Your goal:
Everything from the line with "Christina-Anna Athens City" to the last line of the listing must be retyped exactly, both ends included, with the pictures dropped.

Data segment:
----

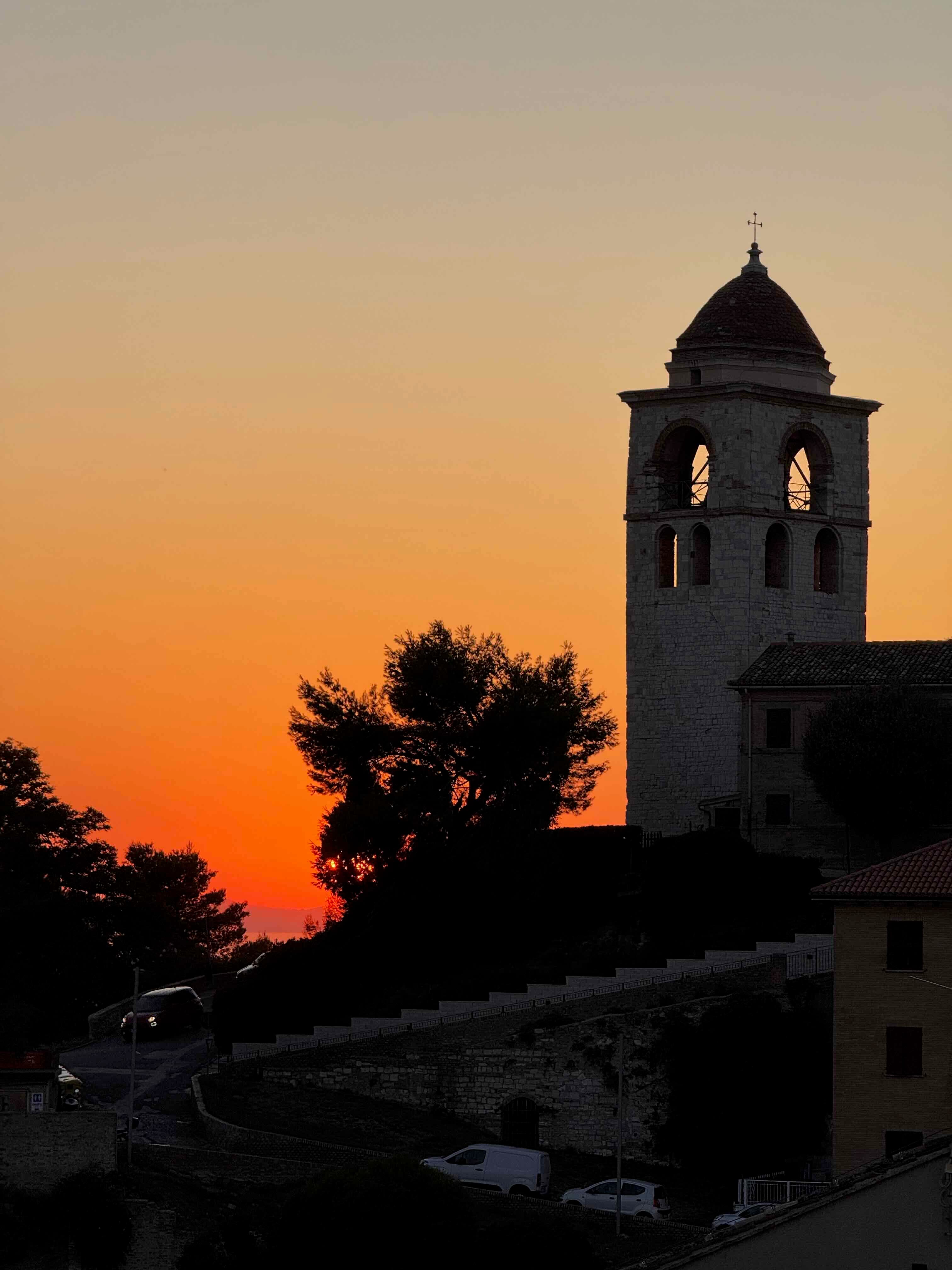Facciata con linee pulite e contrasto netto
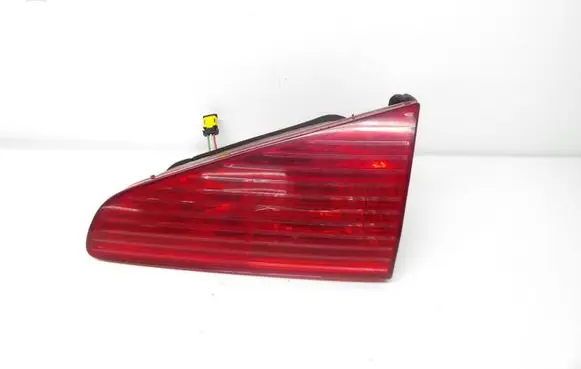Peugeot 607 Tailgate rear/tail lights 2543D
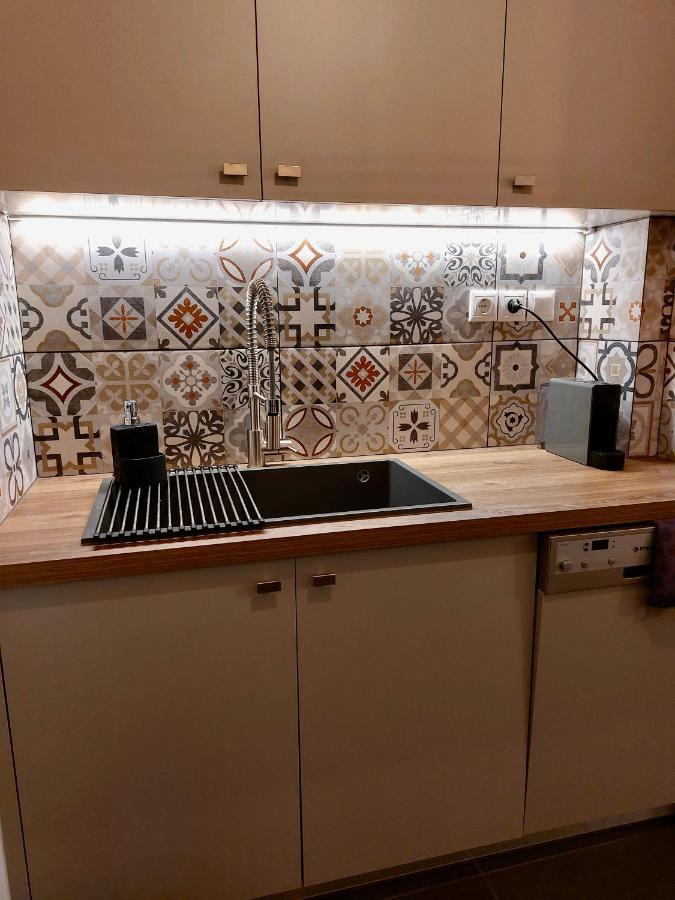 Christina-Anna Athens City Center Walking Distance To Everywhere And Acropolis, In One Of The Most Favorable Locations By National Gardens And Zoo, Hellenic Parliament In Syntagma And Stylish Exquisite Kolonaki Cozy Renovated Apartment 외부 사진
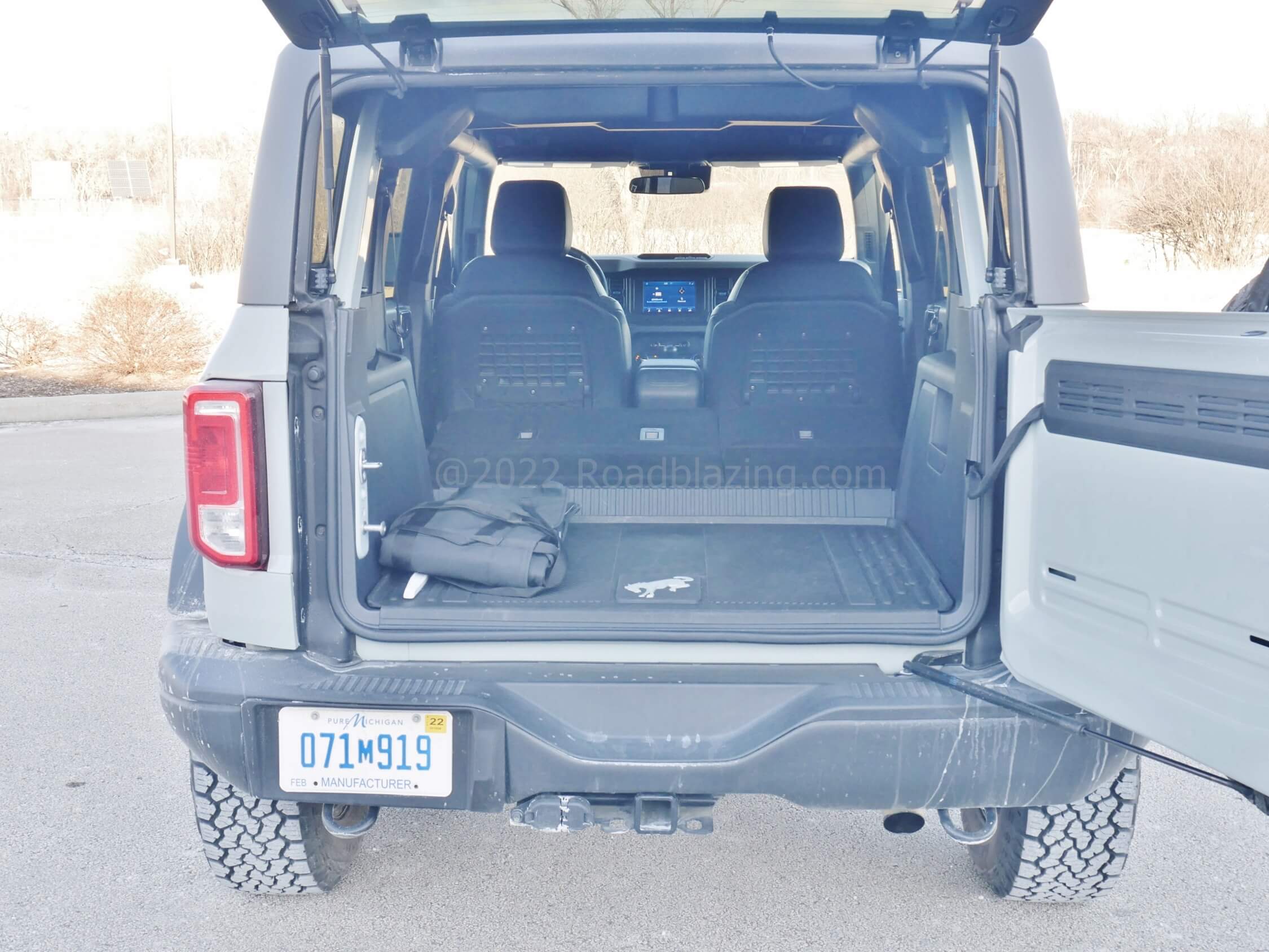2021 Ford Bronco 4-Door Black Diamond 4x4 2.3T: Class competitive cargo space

----

Task result:
 Christina-Anna Athens City Center Walking Distance To Everywhere And Acropolis, In One Of The Most Favorable Locations By National Gardens And Zoo, Hellenic Parliament In Syntagma And Stylish Exquisite Kolonaki Cozy Renovated Apartment 외부 사진
2021 Ford Bronco 4-Door Black Diamond 4x4 2.3T: Class competitive cargo space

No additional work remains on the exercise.